As computer processor speeds increase, it is necessary for engineers to increase the number of circuit elements packed into a given area. Individual circuit elements are often connected using very small copper "wires" deposited directly onto the surface of the chip. In some current generation processors, these copper interconnects are about 45 nm wide. What mass of copper would be in a 1-mm length of such an interconnect, assuming a square cross-section. (The density of copper is 8.96 g/cm3.)

1.72E11 atomCu

Explanation:

Assumption: A square intersection

Since the cross section wire is assumed to be a square intersection, the height and the width of the wire are the same (equal)

and height = h = 45nm

Convert 45nm to centimetres (cm), we have

45nm * 10^-9m * 100cm / (1nm * 1m)

= 4.5 * 10^-6cm

Length. = 1mm

Convert 1mm to centimetre (cm) as well, we have

1mm * 1m * 100cm / (1000mm * 1m)

= 0.1cm

Now, we'll calculate the volume of the wire.

Using

Volume = length * height * width - --_--_ width = height

So,

Volume = 0.1 * 4.5 * 10^-6 * 4.5 * 10^-6

Volume = 2.025E-12 cm³

Lastly, we'll calculate the numbers of copper atoms using the following steps

1. We'll begin with the volume of the wire

2. We'll use the density of copper as a conversion factor to convert cubic centimetres (cm³) of copper to grams of copper.

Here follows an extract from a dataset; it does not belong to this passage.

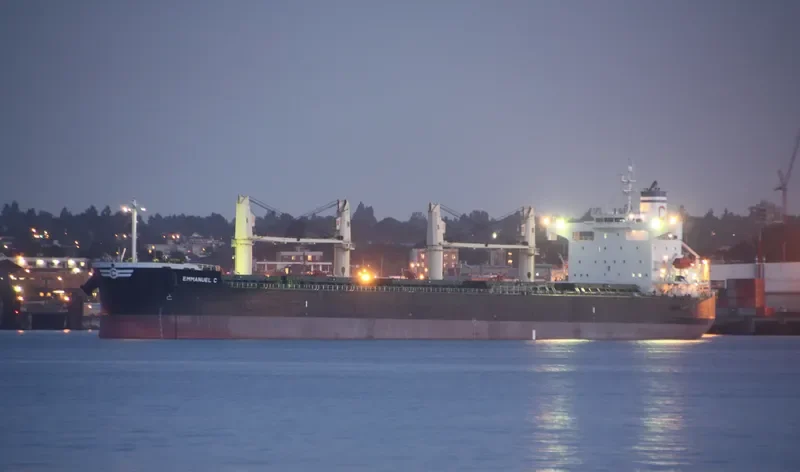 EMMANUEL C Bulk Carrier IMO 9394909 photo 10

3. We'll use the molar mass of copper as a conversion factor to grams of copper to moles of copper.

4. We'll use the Avogadro's number as a conversion factor to convert moles of copper to atoms of copper.

So, we have

2.025E-12 cm³Cu * 8.96g/cm³ * 1molCu * 6.022E23atomCu / (1cm³Cu * 63.546gCu * 1 molCu)

= 1.72E11 atomCu